Even without speculative worshippers, the mere fact that your token trades on secondary markets means more people interact with it than just your actual users. And a stable-value asset can be integrated into other financial instruments, further amplifying your reach.
So which types of companies are best suited for such tokens? A few basic criteria:
A. You Have Strong Product-Market Fit
Issuing a token on day one for an unproven product is unwise. The reflexivity of token prices and speculative “users” will distort your product development. When the tide goes out (and it will), you’ll be left exposed.
Having a token won’t solve high churn if your product fails to retain users. Ensure your product has sufficient stickiness and focus on retaining the users you attract.
B. Marginal Cost
Remember, issuing token rewards comes at the expense of your future revenue. If your marginal cost decreases as user numbers grow, that’s fine.
In such cases, acquiring more users makes sense—it offsets your reward costs—and tokenization helps you achieve that goal.
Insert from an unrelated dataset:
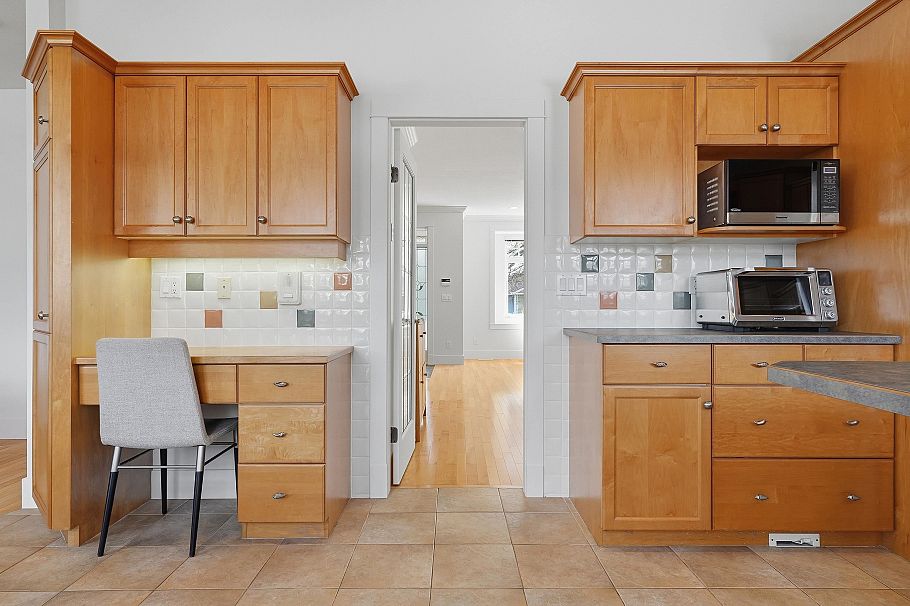 2761 E 53rd Avenue Vancouver, BC - 7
But if your marginal cost remains flat or increases, tokenization may not be economically viable.
C. Winner-Takes-All Market
This complements point B, as winner-takes-all dynamics often occur in industries with declining marginal costs.
But the key is that the market must be large enough for meaningful demand curve shifts. If you run a small-town restaurant serving 2,000 locals, tokens probably aren’t the right marketing tool.
D. Your Business Model Allows Clear Token Utility
Example: Your product costs $X/month, and users can pay with tokens up to Y%.
If product usage and revenue come from different groups—for example, ad-supported content platforms—tokens can still work. Users earn tokens by consuming content → sell tokens on secondary markets → advertisers buy tokens and pay you.
Tokenization is again a powerful economic model for driving business growth—but only when integrated with viable, value-added products and services. Otherwise, it has no foundation. I hope to see much innovation in this space emerge from the bear market and become the next frontier of crypto adoption.